#### DATA IN THIS EXERCISE
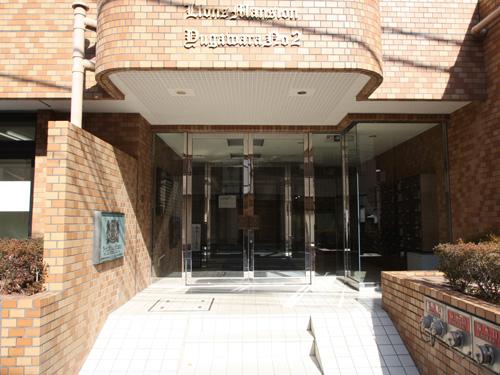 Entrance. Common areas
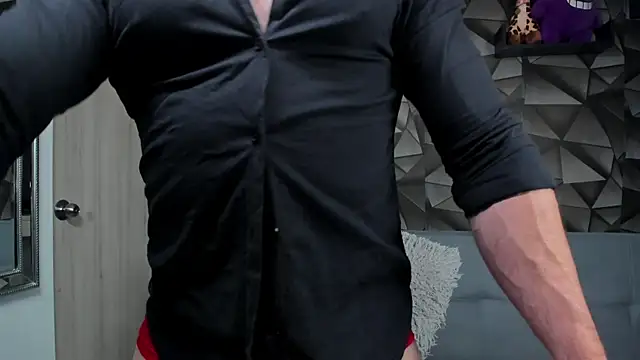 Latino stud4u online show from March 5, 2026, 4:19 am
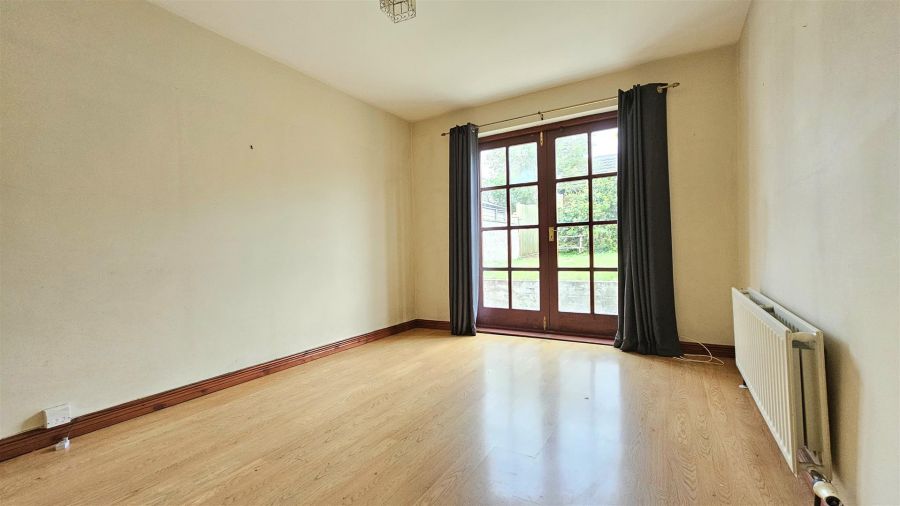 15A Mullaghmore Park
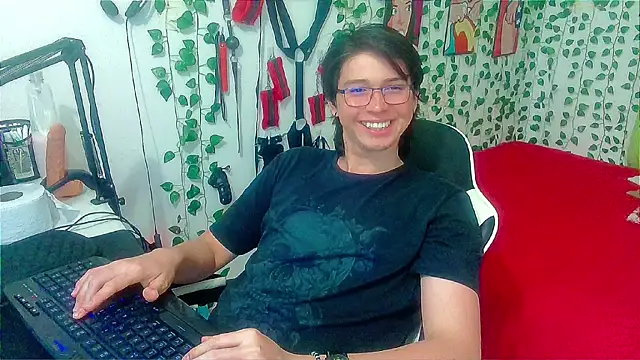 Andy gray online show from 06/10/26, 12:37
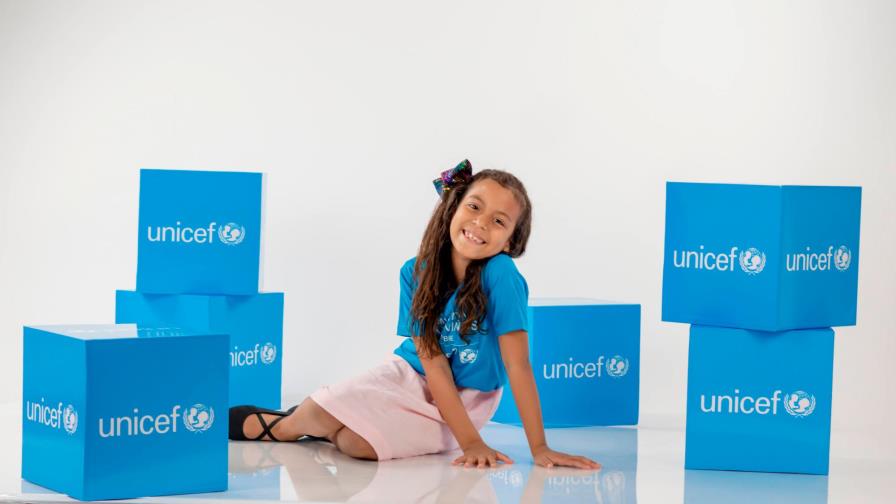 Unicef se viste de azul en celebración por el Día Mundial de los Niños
########
Copy exactly the lines running from the line with "Andy gray online show from 06/10/26, 12:37" to the final line of the listing, keeping both ends and dropping any picture.

 Andy gray online show from 06/10/26, 12:37
 Unicef se viste de azul en celebración por el Día Mundial de los Niños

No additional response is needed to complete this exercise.